Vreemd, dacht meneer Oks, heel vreemd.
Nadat hij een tijdje gezeten had begon hij zich te vervelen. Hij haalde zijn blocnote uit zijn zak en las opnieuw de kenmerken van Otto Braun. Hij kende ze uit zijn hoofd.
gewone neus,
grijze ogen,
donker haar,
lang gezicht,
spreekt Duits en Russisch
Meneer Oks keek heimelijk naar zijn buurman. Die zat naar zijn schoen te kijken met grijze ogen.
Hij heeft een gewone neus en donker haar, dacht meneer Oks. Zou dat niet Otto Braun zijn?
Meneer Oks wendde zich tot de onbekende: ‘Kunt u me alstublieft zeggen hoe laat het is?’

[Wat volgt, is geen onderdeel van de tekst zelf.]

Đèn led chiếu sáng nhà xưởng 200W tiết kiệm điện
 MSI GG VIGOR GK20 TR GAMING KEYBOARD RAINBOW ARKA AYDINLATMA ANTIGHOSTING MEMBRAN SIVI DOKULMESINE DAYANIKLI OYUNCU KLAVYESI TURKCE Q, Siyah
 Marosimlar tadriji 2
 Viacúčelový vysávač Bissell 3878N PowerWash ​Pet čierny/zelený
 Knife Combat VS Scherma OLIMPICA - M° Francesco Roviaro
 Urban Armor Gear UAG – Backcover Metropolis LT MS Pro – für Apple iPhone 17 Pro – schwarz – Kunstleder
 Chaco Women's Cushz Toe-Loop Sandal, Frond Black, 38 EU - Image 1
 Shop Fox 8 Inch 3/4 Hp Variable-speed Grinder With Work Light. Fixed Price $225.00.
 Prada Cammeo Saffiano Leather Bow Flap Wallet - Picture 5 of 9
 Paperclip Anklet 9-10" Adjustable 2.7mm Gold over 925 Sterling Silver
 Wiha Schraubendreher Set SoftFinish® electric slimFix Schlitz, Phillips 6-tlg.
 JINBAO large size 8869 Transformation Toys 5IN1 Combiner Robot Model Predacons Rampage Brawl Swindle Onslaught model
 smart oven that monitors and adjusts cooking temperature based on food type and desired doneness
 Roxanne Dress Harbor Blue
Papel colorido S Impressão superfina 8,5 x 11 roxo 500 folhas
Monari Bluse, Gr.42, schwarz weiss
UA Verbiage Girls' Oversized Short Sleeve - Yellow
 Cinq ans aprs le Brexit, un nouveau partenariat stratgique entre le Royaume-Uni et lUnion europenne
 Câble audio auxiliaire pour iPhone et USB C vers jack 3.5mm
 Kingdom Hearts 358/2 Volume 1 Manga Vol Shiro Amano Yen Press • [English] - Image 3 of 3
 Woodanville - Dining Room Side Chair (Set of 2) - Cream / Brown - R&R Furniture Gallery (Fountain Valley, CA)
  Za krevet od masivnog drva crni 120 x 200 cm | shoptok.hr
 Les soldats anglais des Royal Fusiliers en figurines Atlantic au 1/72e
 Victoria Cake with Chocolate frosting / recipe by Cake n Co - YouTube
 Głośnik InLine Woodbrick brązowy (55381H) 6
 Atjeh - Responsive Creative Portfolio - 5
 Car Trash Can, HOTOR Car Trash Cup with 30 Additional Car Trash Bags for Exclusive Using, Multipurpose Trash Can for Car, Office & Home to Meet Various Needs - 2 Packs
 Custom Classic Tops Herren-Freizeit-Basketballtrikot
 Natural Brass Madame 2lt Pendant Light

De onbekende draaide zijn lange gezicht naar hem toe en antwoordde in zuiver Duits: ‘Geen idee.’
Hij spreekt Duits, dacht meneer Oks. Alle kenmerken kloppen. Het is duidelijk dat dit Otto Braun is. Nu moet ik nog te weten komen of hij Russisch spreekt.
Meneer Oks kende slechts drie woorden Russisch: samowar en Maksim Gorki.
Maar het is een beetje raar om een mens zomaar, zonder enige reden lastig te vallen met een samowar. Meneer Oks begon zachtjes te zingen:
Tra-la-la samowar
Maksim Gorki, tra-la-la
Samowar, Maksim, samowar
Meneer Oks zong en keek aandachtig naar de man in de zwarte jas. Deze leefde meteen op. Zijn ogen begonnen blij te glanzen. Hij glimlacht. Ja, hij begrijpt Russisch. Nu is het duidelijk: dat is Otto Braun.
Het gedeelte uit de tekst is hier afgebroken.